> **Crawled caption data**
************
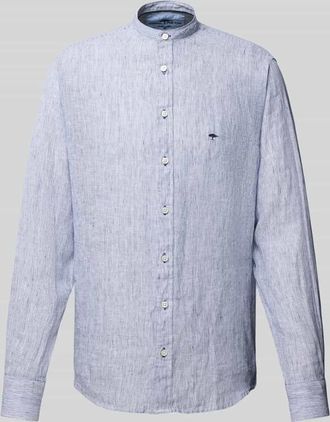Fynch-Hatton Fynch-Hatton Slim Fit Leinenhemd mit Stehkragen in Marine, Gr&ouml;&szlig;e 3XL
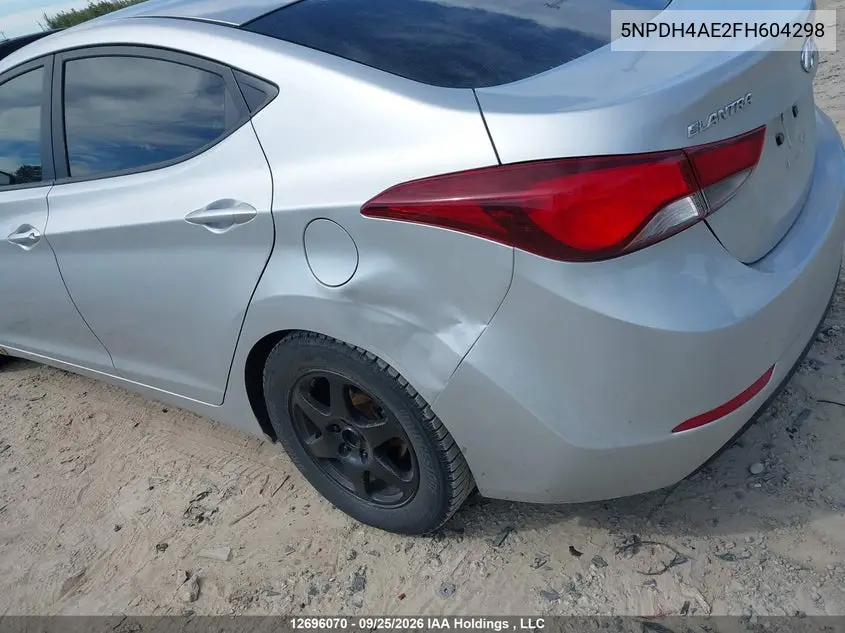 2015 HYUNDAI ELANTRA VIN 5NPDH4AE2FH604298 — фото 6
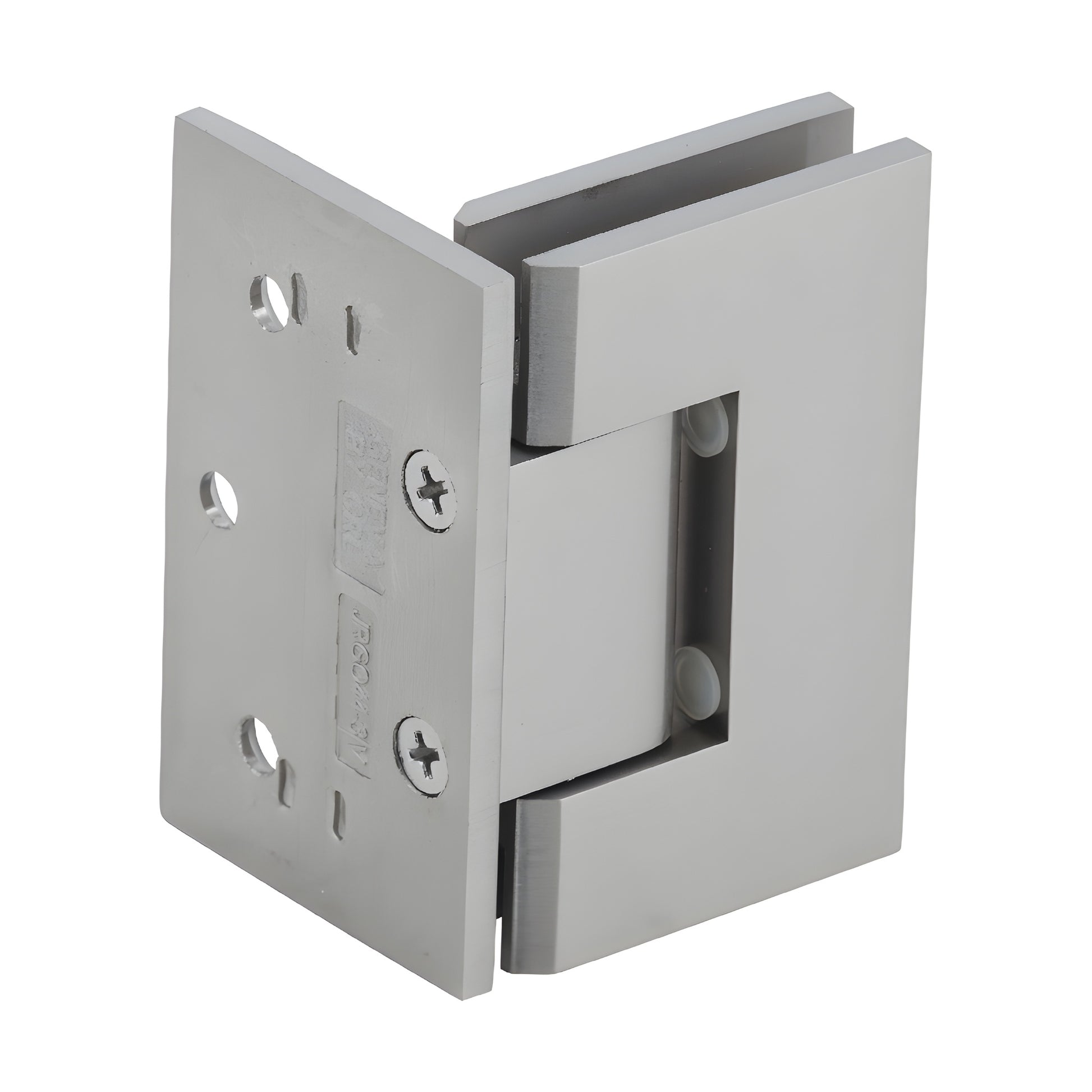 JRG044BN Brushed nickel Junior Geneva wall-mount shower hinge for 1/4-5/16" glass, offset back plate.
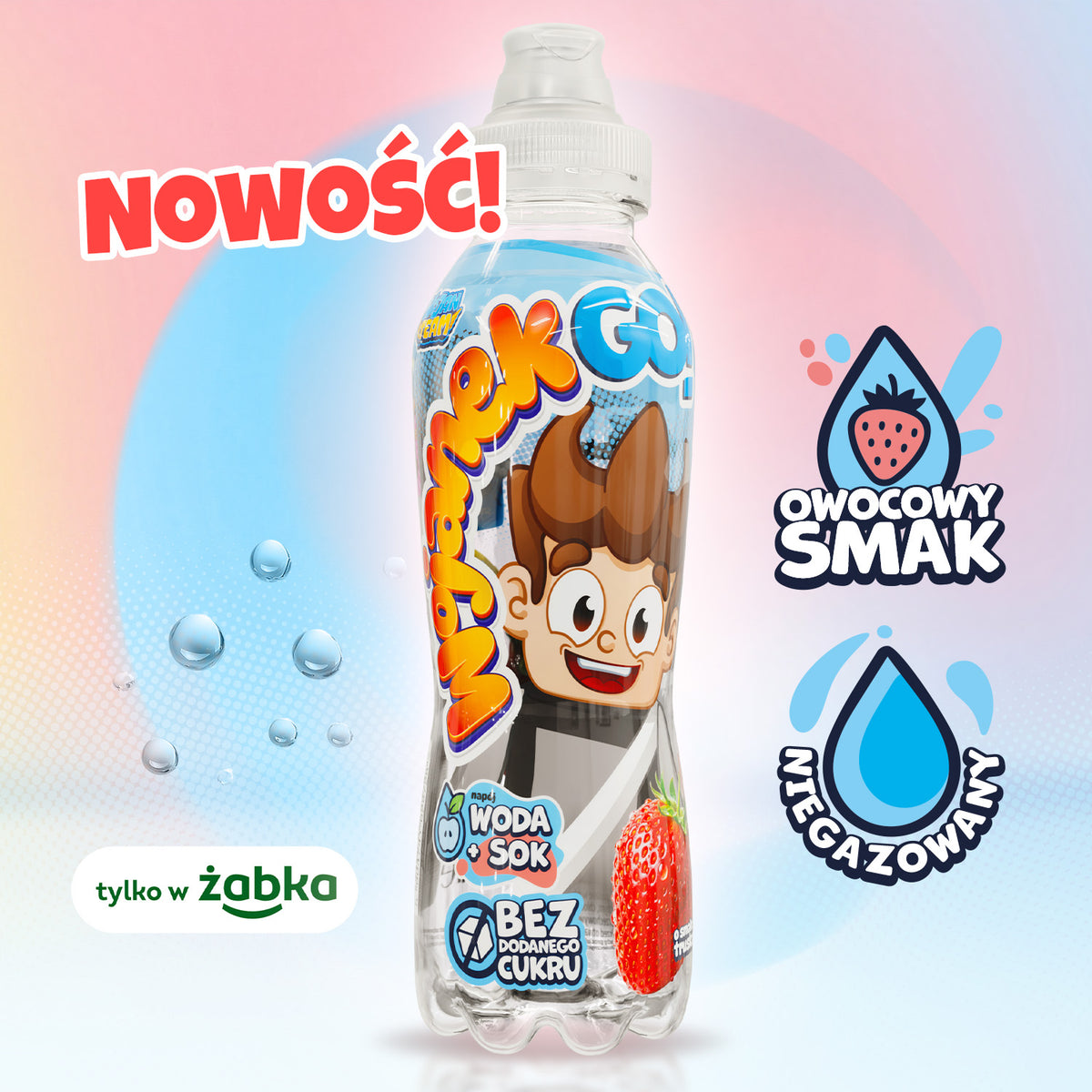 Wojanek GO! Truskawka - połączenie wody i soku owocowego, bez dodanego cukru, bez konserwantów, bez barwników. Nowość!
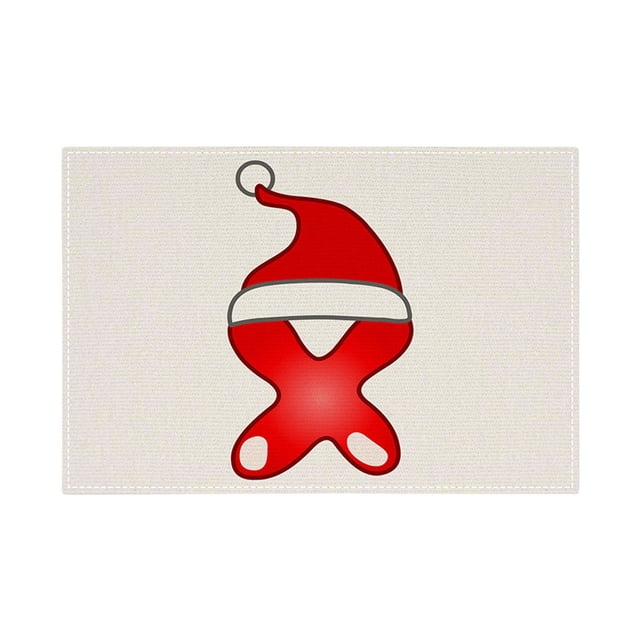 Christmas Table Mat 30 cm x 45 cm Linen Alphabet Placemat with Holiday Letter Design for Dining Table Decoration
************
> **Exercise objective**
Please repeat all of the entries above word for word, but drop any pictures.

> **Written solution**
Fynch-Hatton Fynch-Hatton Slim Fit Leinenhemd mit Stehkragen in Marine, Gr&ouml;&szlig;e 3XL
 2015 HYUNDAI ELANTRA VIN 5NPDH4AE2FH604298 — фото 6
 JRG044BN Brushed nickel Junior Geneva wall-mount shower hinge for 1/4-5/16" glass, offset back plate.
 Wojanek GO! Truskawka - połączenie wody i soku owocowego, bez dodanego cukru, bez konserwantów, bez barwników. Nowość!
 Christmas Table Mat 30 cm x 45 cm Linen Alphabet Placemat with Holiday Letter Design for Dining Table Decoration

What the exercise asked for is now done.